[Start of section]
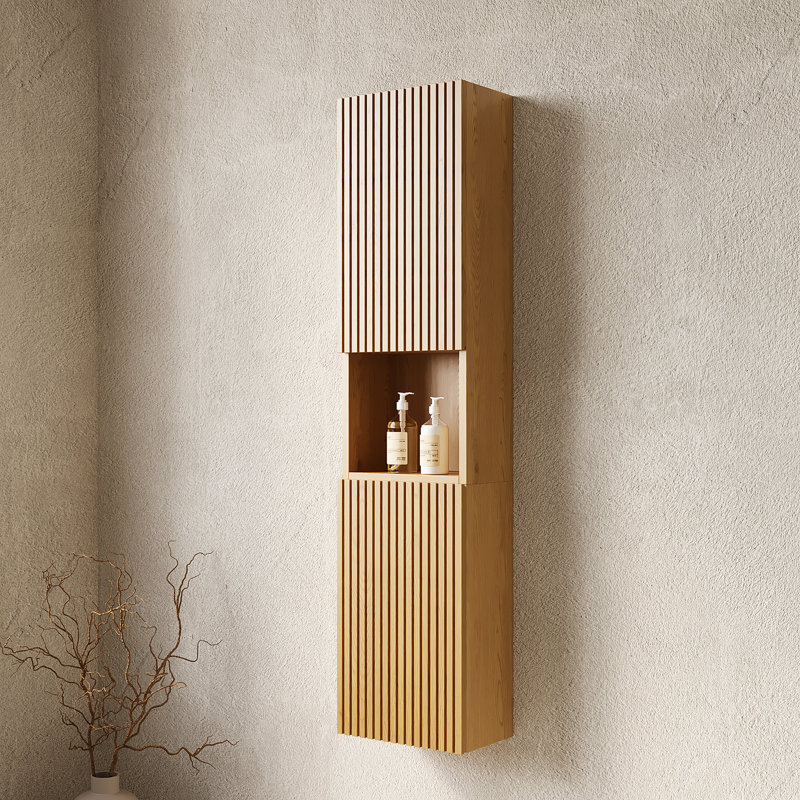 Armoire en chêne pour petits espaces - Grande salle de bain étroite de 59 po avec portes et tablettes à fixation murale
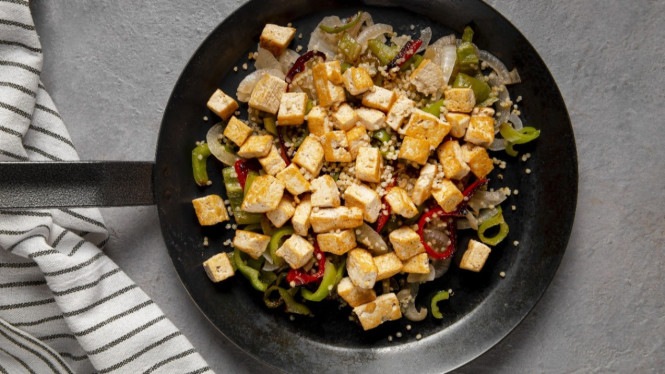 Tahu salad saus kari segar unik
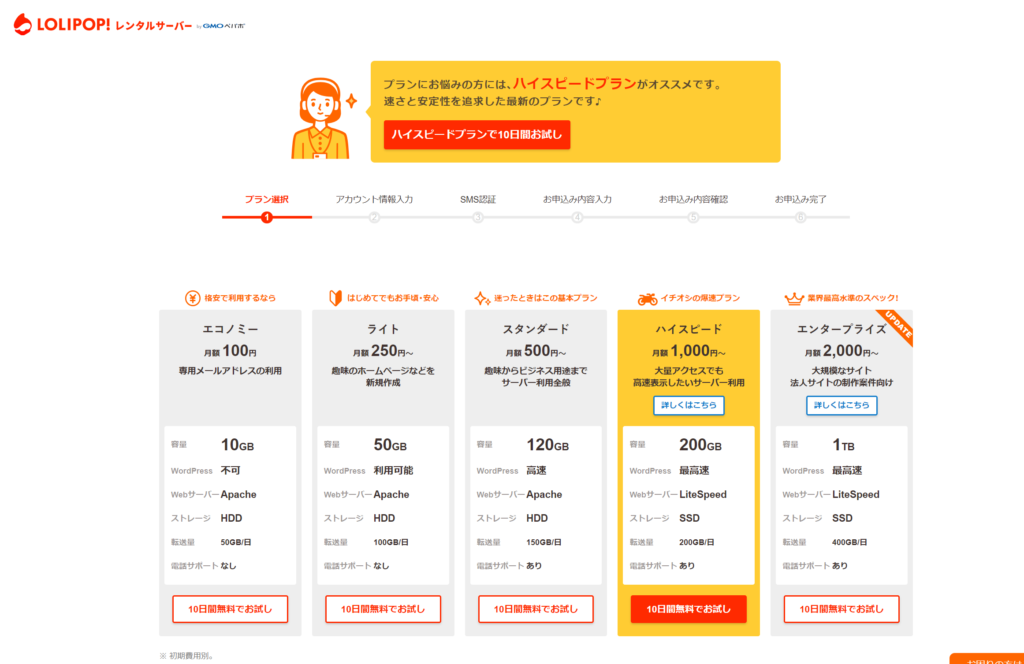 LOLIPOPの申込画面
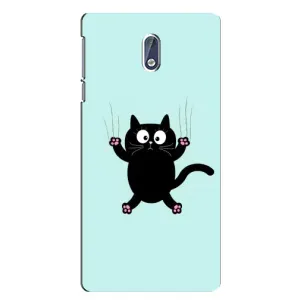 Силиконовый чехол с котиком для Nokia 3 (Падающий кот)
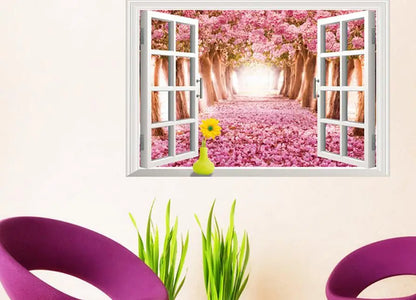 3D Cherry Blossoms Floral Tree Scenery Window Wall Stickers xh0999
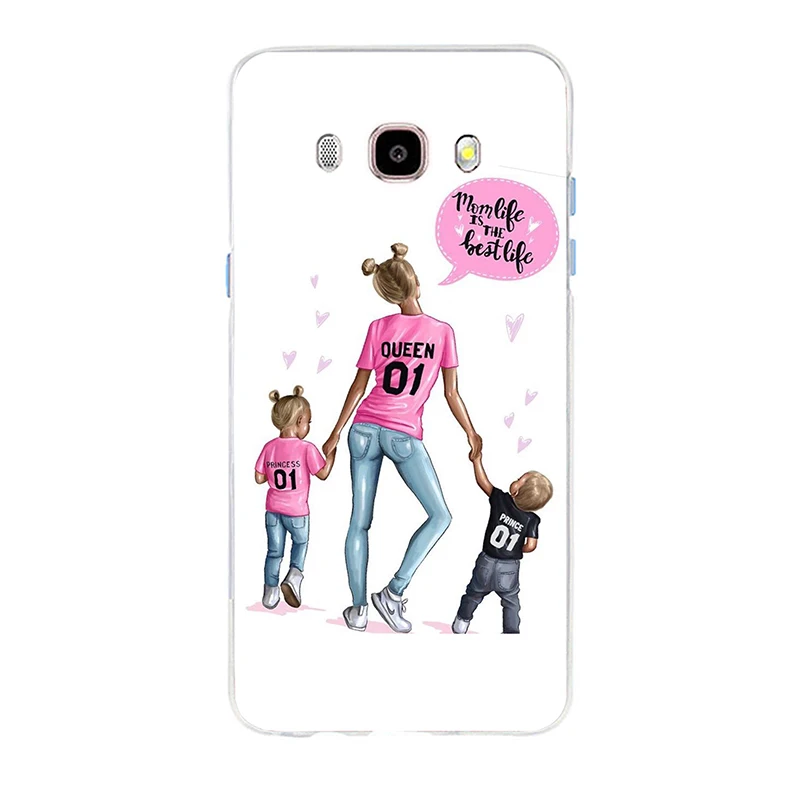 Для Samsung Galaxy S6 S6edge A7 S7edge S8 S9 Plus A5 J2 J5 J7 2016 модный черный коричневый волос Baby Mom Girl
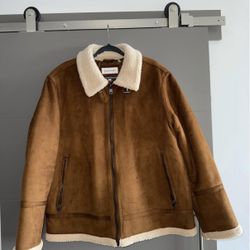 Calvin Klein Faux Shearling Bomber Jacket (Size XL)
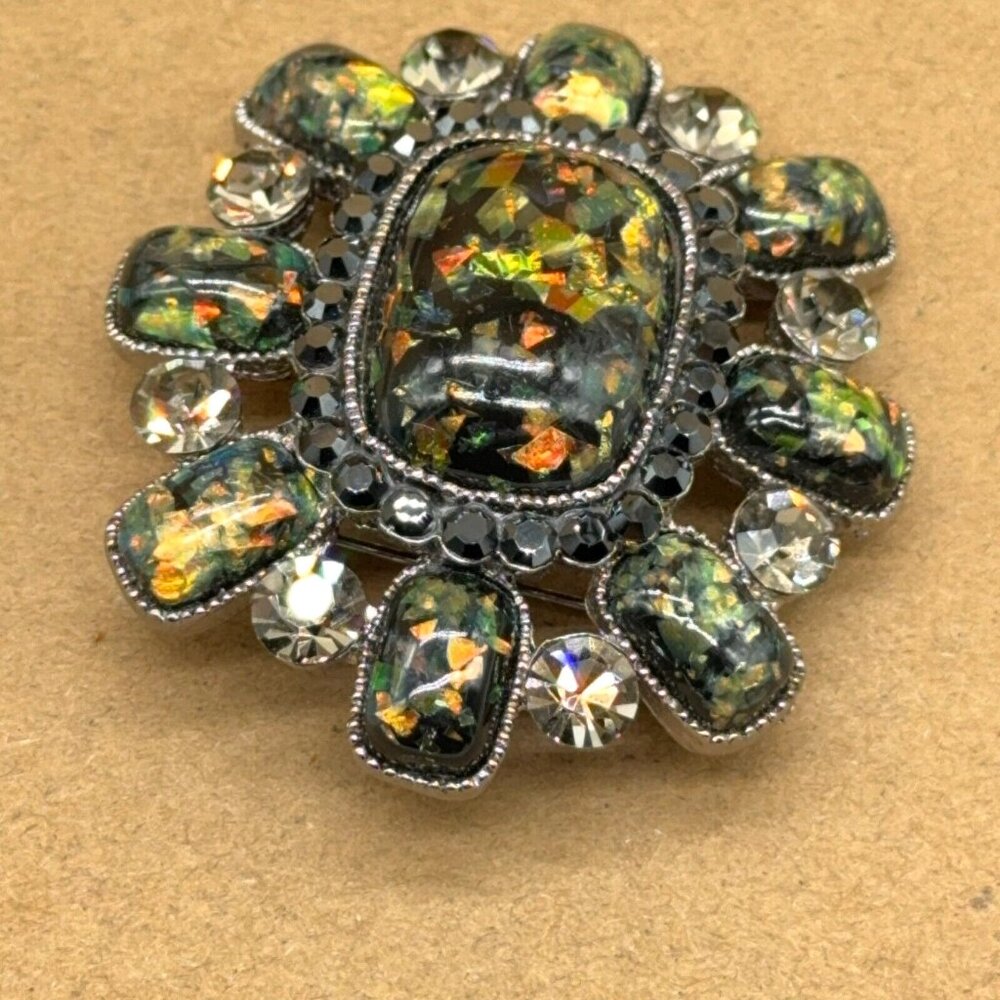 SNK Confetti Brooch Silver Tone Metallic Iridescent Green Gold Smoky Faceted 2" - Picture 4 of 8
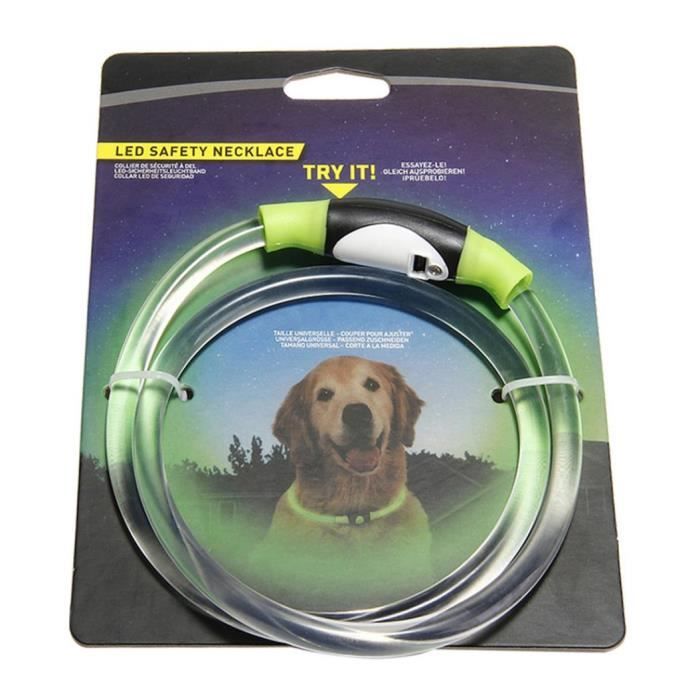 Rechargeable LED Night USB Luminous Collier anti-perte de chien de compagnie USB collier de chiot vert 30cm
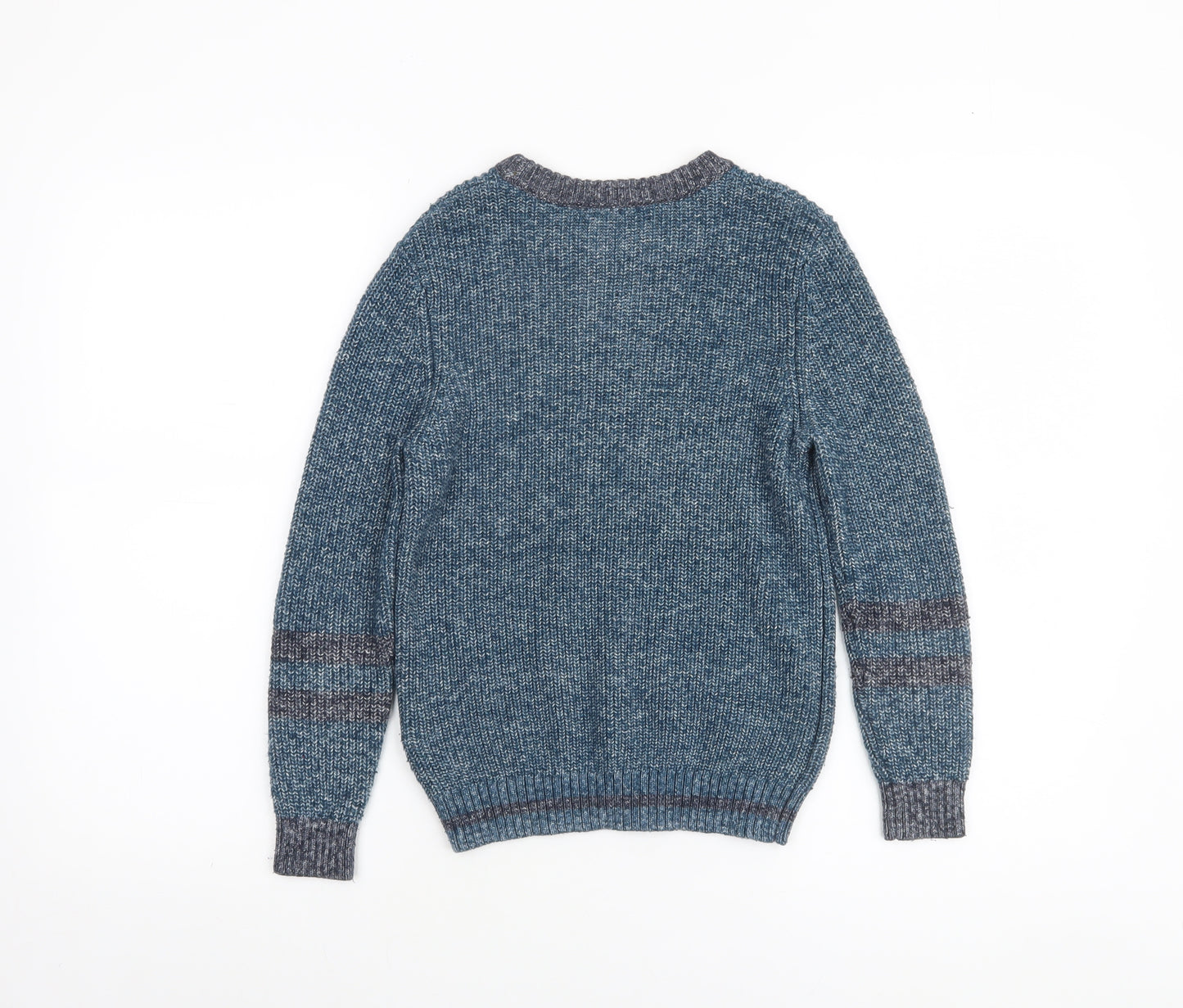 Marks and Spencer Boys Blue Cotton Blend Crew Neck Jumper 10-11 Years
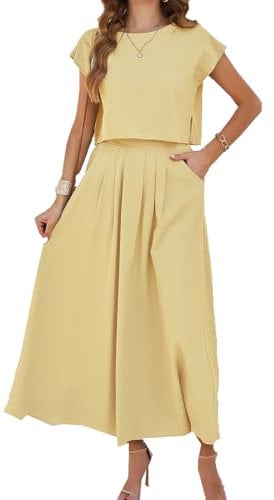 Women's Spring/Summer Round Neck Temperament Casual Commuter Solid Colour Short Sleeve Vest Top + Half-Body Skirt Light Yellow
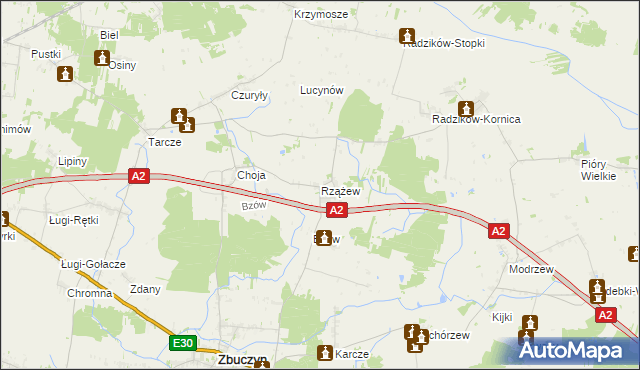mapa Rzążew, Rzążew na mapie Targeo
[End of section]
** Task objective **
At the line containing "Marks and Spencer", start reproducing exactly, and stop after the last line of the listing; include both ends, and leave the pictures out.

** Expected answer **
 Marks and Spencer Boys Blue Cotton Blend Crew Neck Jumper 10-11 Years
 Women's Spring/Summer Round Neck Temperament Casual Commuter Solid Colour Short Sleeve Vest Top + Half-Body Skirt Light Yellow
mapa Rzążew, Rzążew na mapie Targeo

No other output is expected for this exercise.